# Is this a crack in my 555?



## rollinrob (Dec 8, 2002)

I was cleaning my bike when I noticed what looks like a small crack in the top tube where the lugs join together. Is it just paint cracking or worse... Thanks for any input..


----------



## jeff262 (Dec 19, 2005)

I can't tell from the photos if it extends down past the white painted area. I'm no expert, but recently had the top tube of my 585 crack after crashing. If it extends down into the non painted area I would say it is almost surely a crack. If it doesn't extend I would say it is probably just the paint. 

In any case I would await better informed opinions than mine before making a decision.

Its a bumer to find this kind of stuff. Mine was made easier to take because I was just glad to have survived the crash.


----------



## hairscrambled (Nov 18, 2004)

It appears to be a finish crack not the carbon. Is that where the lug ends?


----------



## chas (Aug 10, 2006)

Hi Rollinrob,

That looks to me like it's just a paint crack. The location of the crack is right where the top tube meets the headlug, and because the two pieces tend to flex differently sometimes small cracks like that will develop. For some reason it seems to only happen on those white and grey 555's. 

Look frames carry a one year paint and finish warranty so I'd recommend taking it to your local Look dealer and have them give us a call. If you do not have a dealer nearby, it's no problem to give us a call directly.

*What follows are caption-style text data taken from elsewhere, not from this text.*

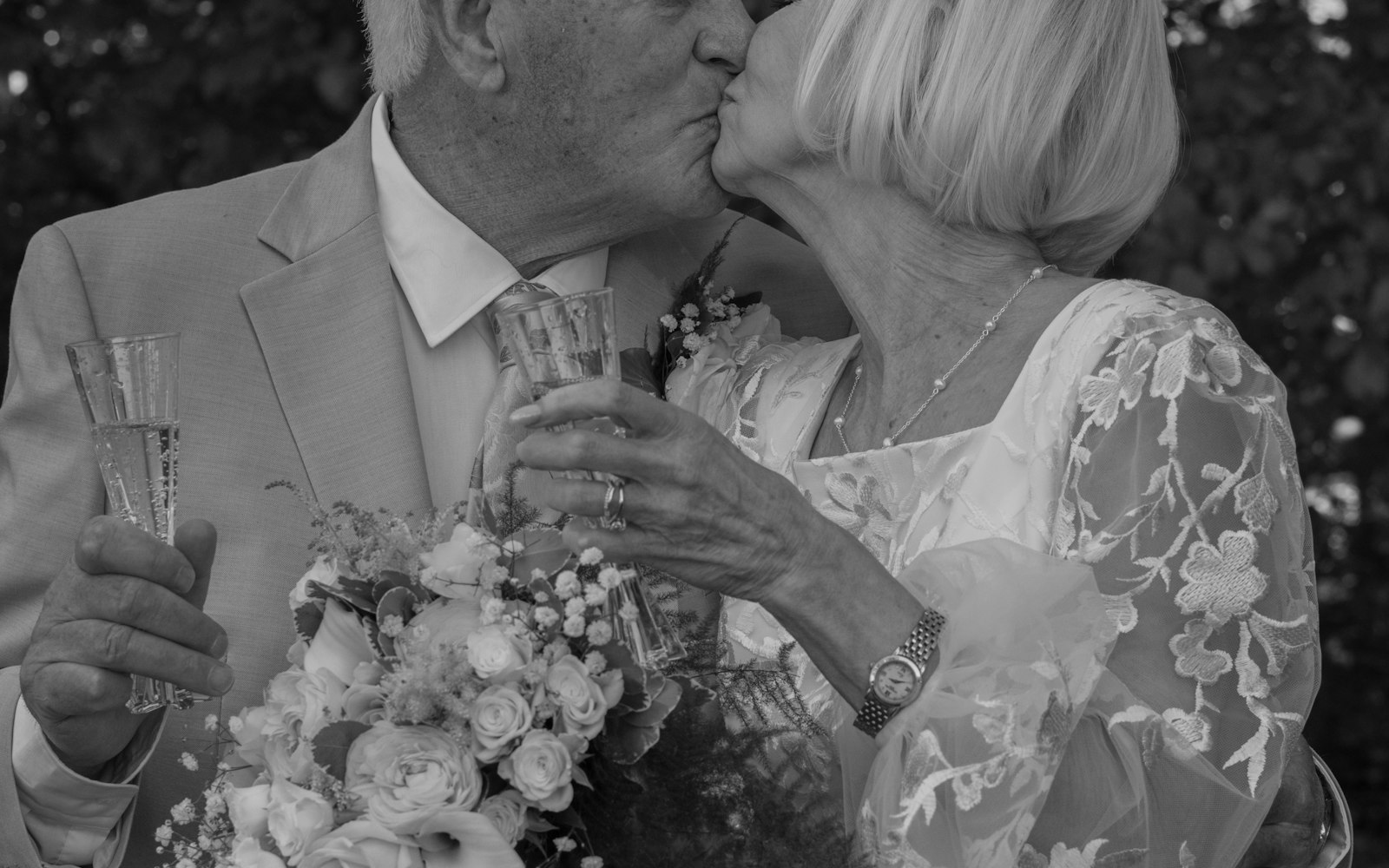 How to Plan a 50th Anniversary Party: A Step-by-Step Guide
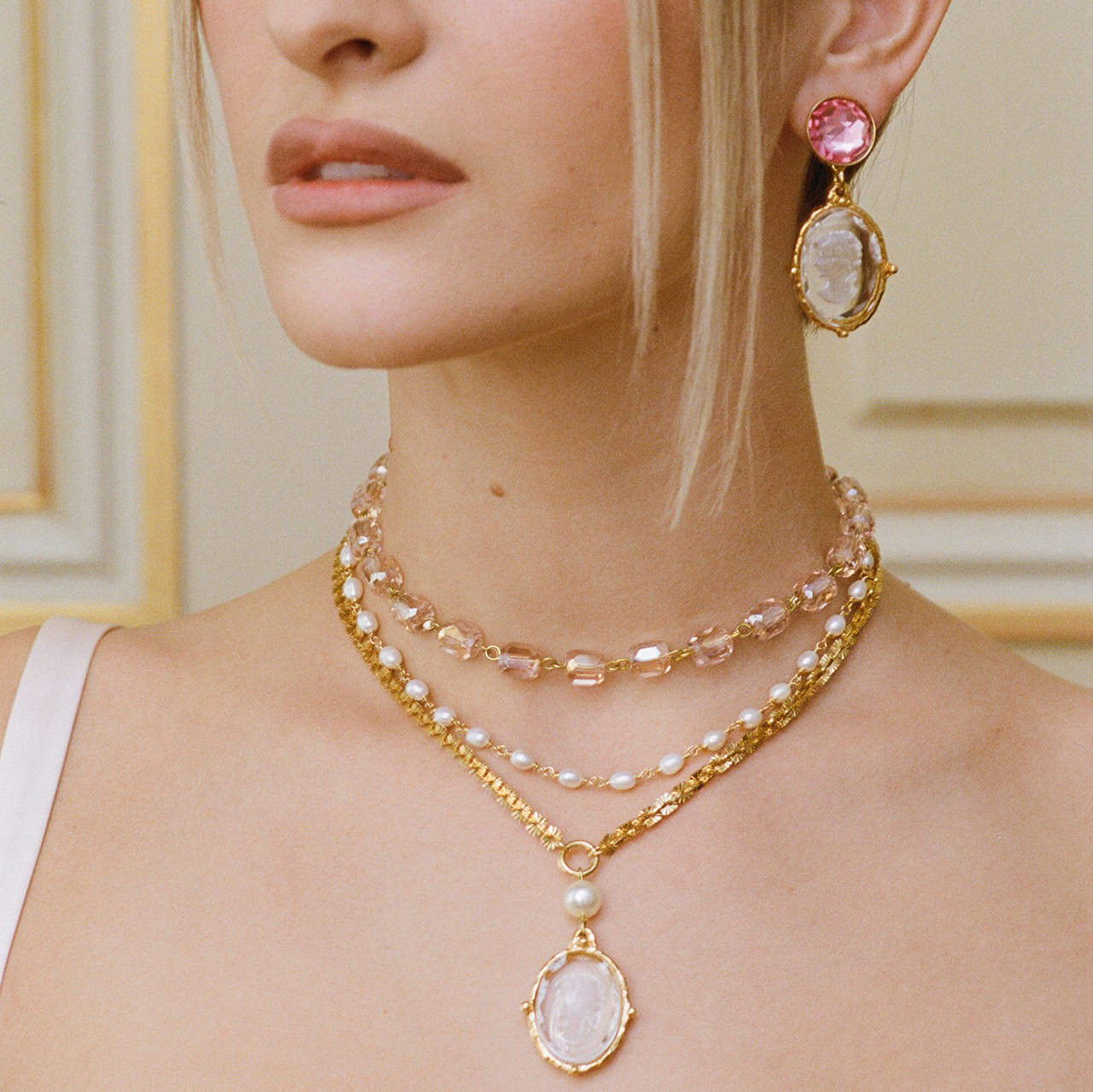 Photo portée Collier Doré Rencontre Imprévue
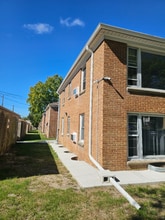 2677 N 66th St in Wauwatosa, WI - Foto de edificio - Building Photo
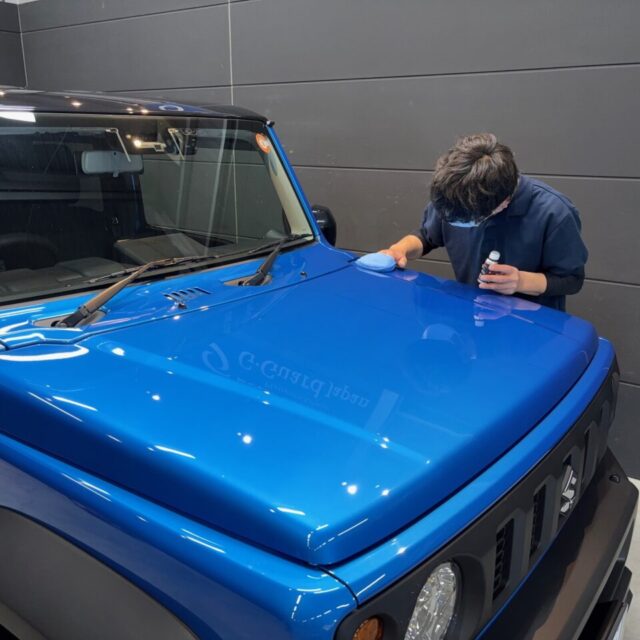 新車のスズキ・ジムニーシエラ(JB74型)にSystemX Crystal SSを施工。徳島県のカーコーティング専門店SOUPによる高品質なセラミックコーティング仕上げ。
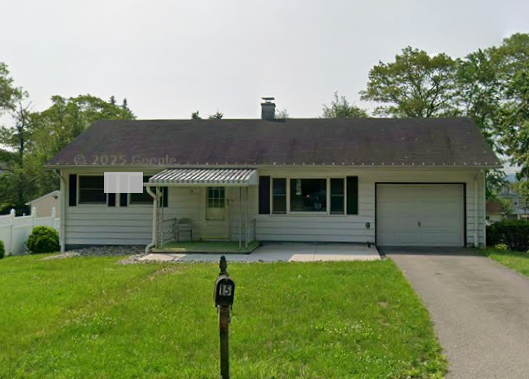 15 Center Ave 2 Beds House for Rent - Photo Gallery 1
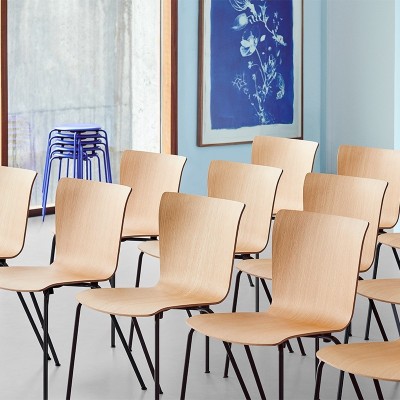 Silla Vico Duo de Fritz Hansen en Moises Showroom Silla Vico Duo de Fritz Hansen en Moises Showroom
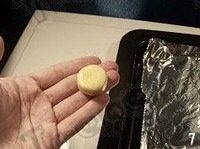 5、小C的奶香小酥饼,取20g面团，揉成象棋样的圆饼，码放整齐；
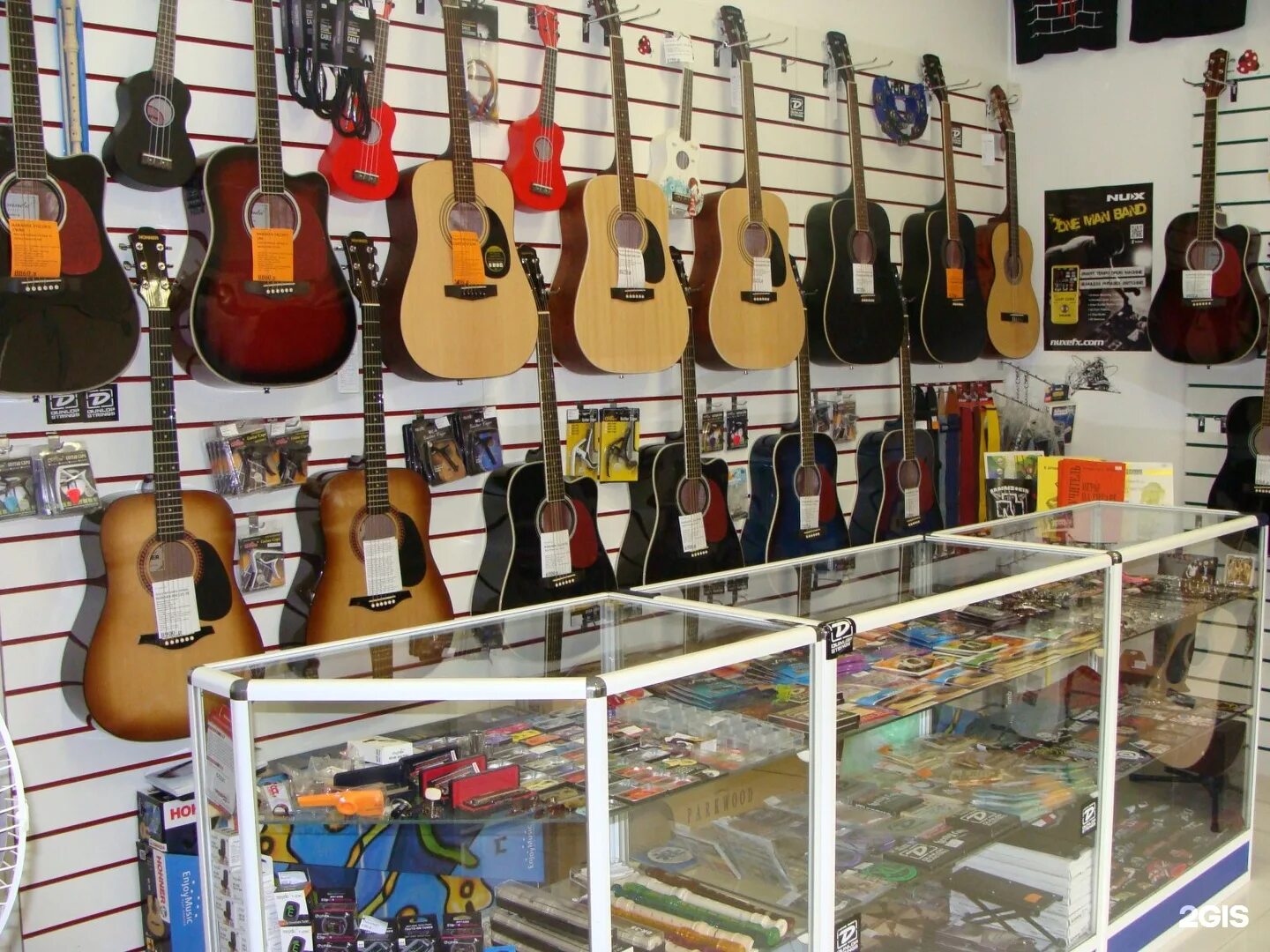 магазин гитар. магазин музыкальных инструментов пятигорск. магазин музыкальных инструментов пятигорск. музыкальный магазин в подольске. пятигорск музыкальный магазин диапазон.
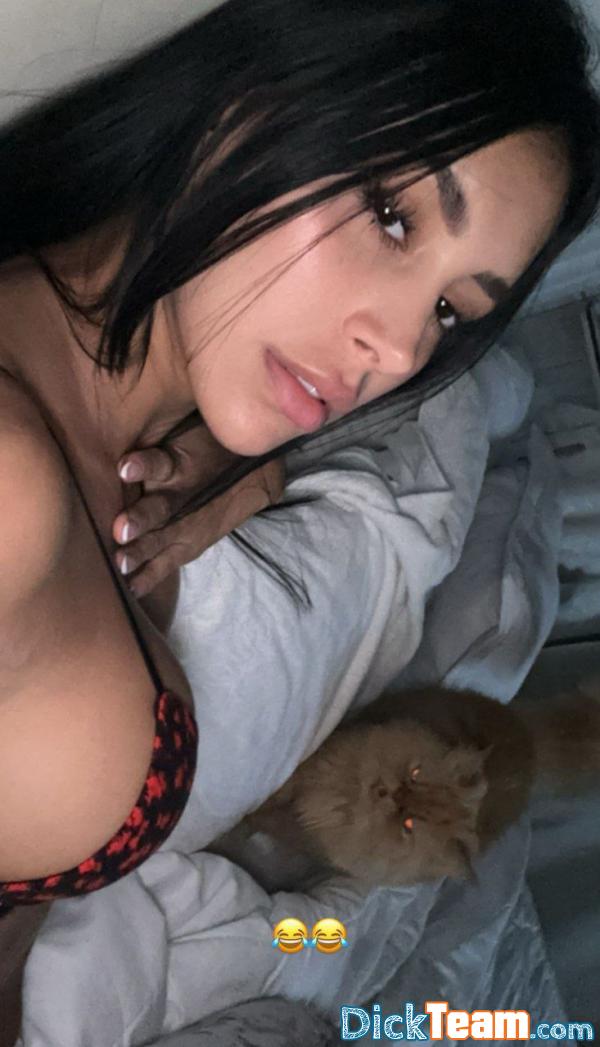 sandra7098 - Femme - Hétéro - 26 ans : Coucou je suis sandra disponible pour des rendez-vous coquine et  sex cam payant 
Je suis actif sur Telegram :@kylie900
Skype :sandra Kylande
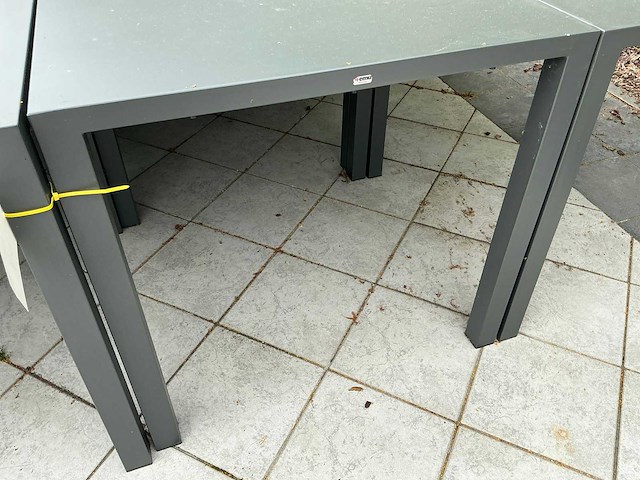 Emu metalen terrastafel (15x) - afbeelding 4 van  4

In the meantime, I would not worry about riding this weekend; structurally your bike is just fine.

_*[email protected]*_
(866) 430-5665


----------



## wuggabugga (Oct 3, 2005)

Hi,

I have the exact same paint crack on my Blue and White 57cm. Is there any option to obtain touch-up paint for this issue? I was thinking a using a soft white marking pencil to fill in the crack as welll. I'm quite a distance from the closest dealer living in Pittsburgh, the closest dealers appear to be over 250 miles away in Philladelphia.


----------